Unlike July 2016, El Niño did not contribute to the extreme heat in July 2019. WMO Secretary-General Petteri Taalas warns, “It is the reality of climate change. It is happening now and it will worsen in the future without urgent climate action”.

Also, UN Secretary-General António Guterres who drew attention to the temperature records observed in New Delhi, Anchorage, Paris, Santiago, Adelaide and the Arctic Circle, highlighted the significance of taking action on climate change.“If we do not take action on climate change now, these extreme weather events are just the tip of the iceberg. And, indeed, the iceberg is also rapidly melting,” he said.

The extreme heat across the globe driven by climate change and global warming threatens human health, cause wildfires in Greenland, Alaska and Siberia, melt the Greenland ice sheet and prolongs drought conditions.

Steffen Olsen, an Arctic researcher with the Danish Meteorological Institute, and dogs set out to retrieve oceanographic moorings and a weather station over meltwater topping sea ice in northwest Greenland. (Steffen Olsen)

The World Health Organization has found that nearly 125 million people have been vulnerable to heatwaves between 2000 and 2016 which makes the duration of the average heatwave 0.37 days longer than the period between 1986 and 2008. On the other hand, the Intergovernmental Panel on Climate Change said, “Limiting warming to 1.5°C rather than 2°C could result in 420 million fewer people being exposed to severe heatwaves”.

In recent weeks, Greenland has seen the most expansive ice melt running near to the record from July 2012 according to the Polar climate scientists.

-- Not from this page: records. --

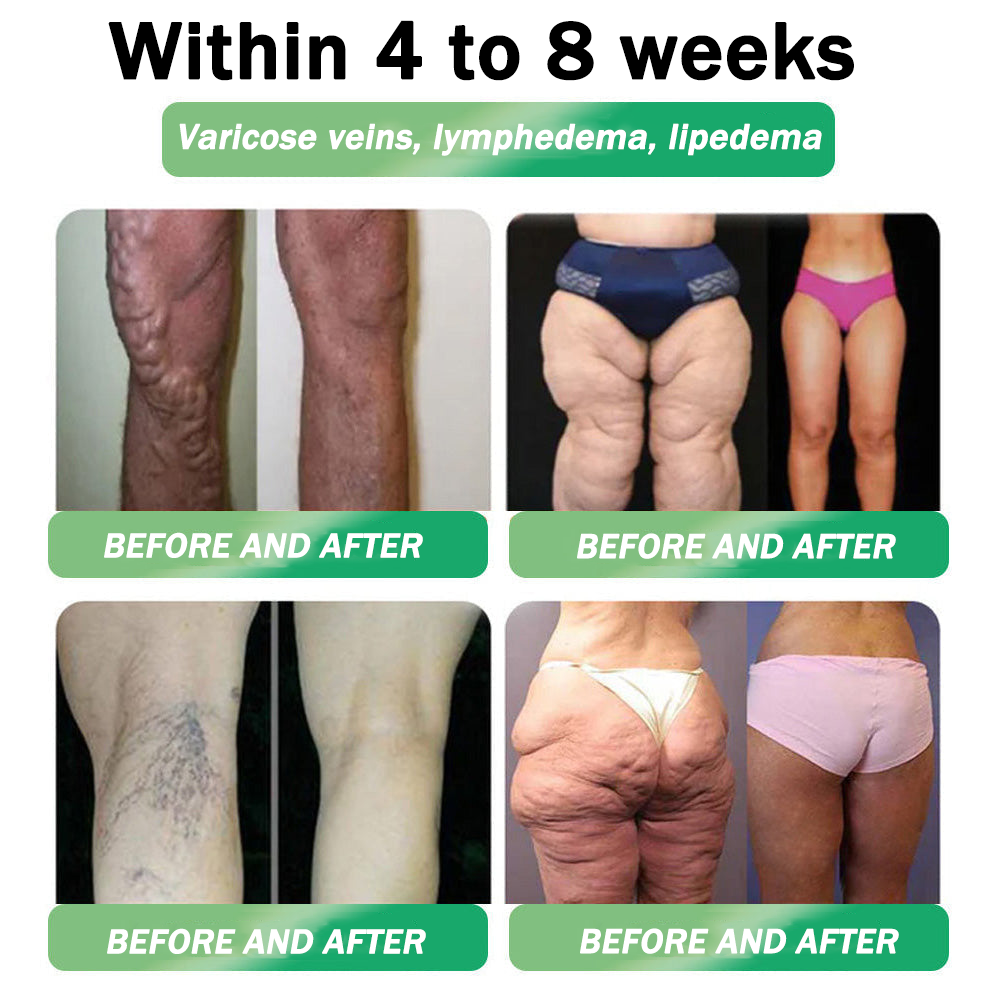 🇺🇸𝑶𝒇𝒇𝒊𝒄𝒊𝒂𝒍 𝑺𝒕𝒐𝒓𝒆|👨‍⚕️👨‍⚕️HH𝐕𝐁® 𝐍𝐀𝐃+ 𝐆𝐋𝐏-𝟏 Pro ALL-IN-ONE Fit&Vital 𝐎𝐫𝐚𝐥 𝐋𝐢𝐪𝐮𝐢𝐝 (𝐉𝐮𝐬𝐭 𝐨𝐧𝐜𝐞 𝐚 𝐝𝐚𝐲, 𝐯𝐢𝐬𝐢𝐛𝐥𝐞 𝐜𝐡𝐚𝐧𝐠𝐞𝐬 𝐢𝐧 𝟕 𝐝𝐚𝐲𝐬） ✅ 𝐅𝐨𝐫 𝐨𝐛𝐞𝐬𝐢𝐭𝐲, 𝐜𝐚𝐫𝐝𝐢𝐨𝐯𝐚𝐬𝐜𝐮𝐥𝐚𝐫 𝐡𝐞𝐚𝐥𝐭𝐡, 𝐝𝐢𝐚𝐛𝐞𝐭𝐞𝐬, 𝐬𝐥𝐞𝐞𝐩 𝐚𝐩𝐧𝐞𝐚, 𝐆𝐮𝐭 𝐇𝐞𝐚𝐥𝐭𝐡, 𝐣𝐨𝐢𝐧𝐭 𝐢𝐬𝐬𝐮𝐞𝐬, 𝐚𝐧𝐝 𝐦𝐨𝐫𝐞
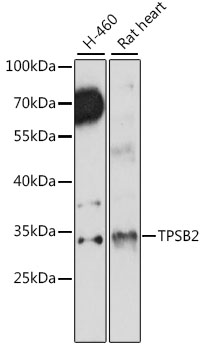 Western blot - TPSB2 Polyclonal Antibody 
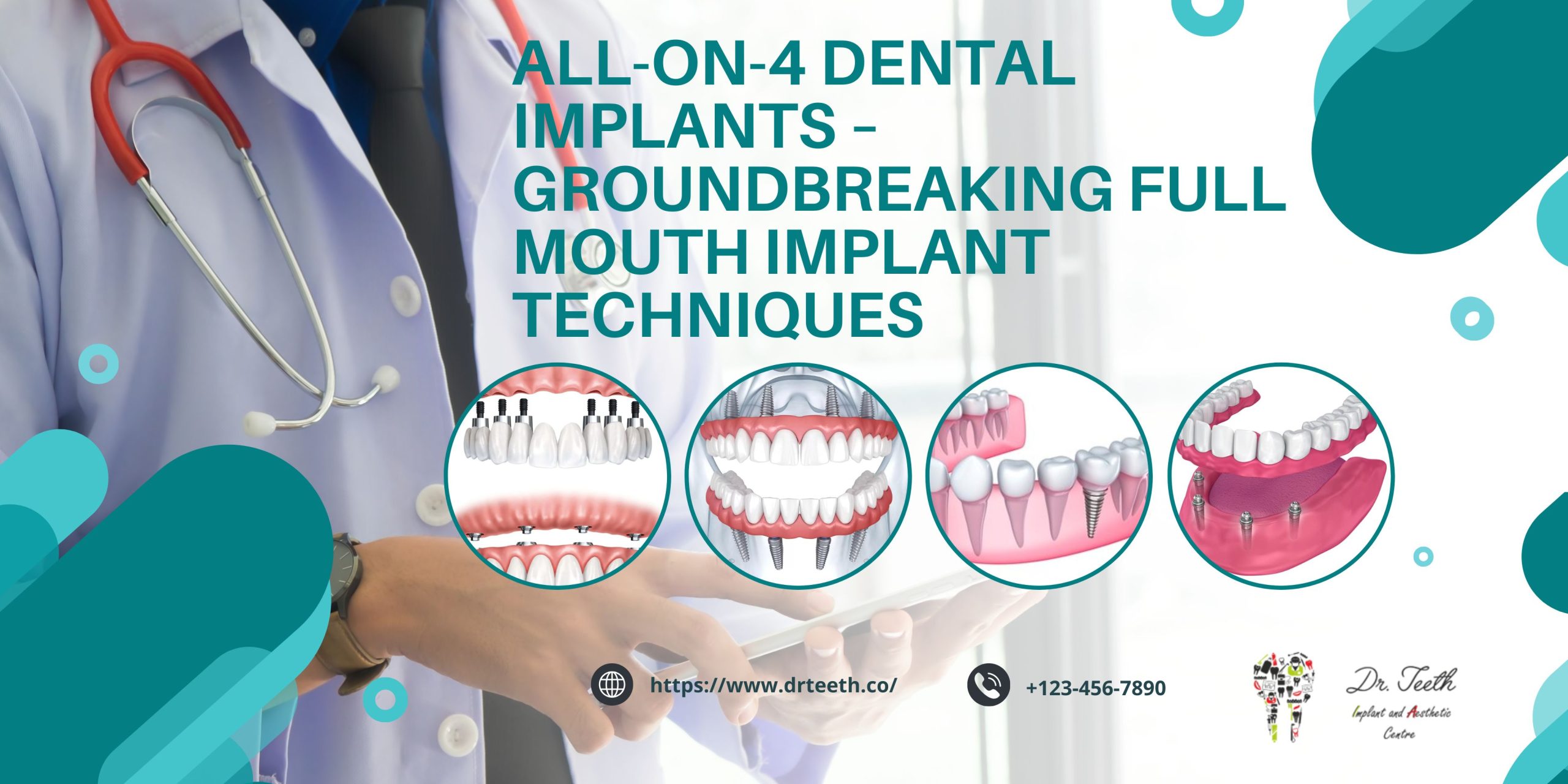 All-on-4 Dental Implants Abroad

In July, the heatwave-related wildfires had grave impacts on the ecology and air quality of for hundreds of kilometres in Siberia, the Russian Federal Forestry Agency revealed.

Forty-five forest fires are currently active around Irkutsk, Siberia; twenty were extinguished overnight according to the local officials.(Svodka38)

The Deutscher Wetterdienst stated that severe drought conditions exacerbate food and water shortages, forest fires and vessel traffic restrictions.

Jean-Noël Thépaut, head of the Copernicus Climate Change Service underlined the role of greenhouse gas emissions on global warming. “With continued greenhouse gas emissions and the resulting impact on global temperatures, records will continue to be broken in the future”, he said.

“July has re-written climate history, with dozens of new temperature records at local, national and global level,” said WMO Secretary-General Petteri Taalas.

Relatively, France experienced an all-time high-temperature record in Paris reaching 42.6 degrees Celsius in July. Belgium, Germany, Luxembourg, the Netherlands and the United Kingdom also joined France having the hottest day on record on 25 July with temperatures over 40 degrees Celsius.

According to the WMO, 2015-2019 is presumed to be the five top hottest years ever recorded.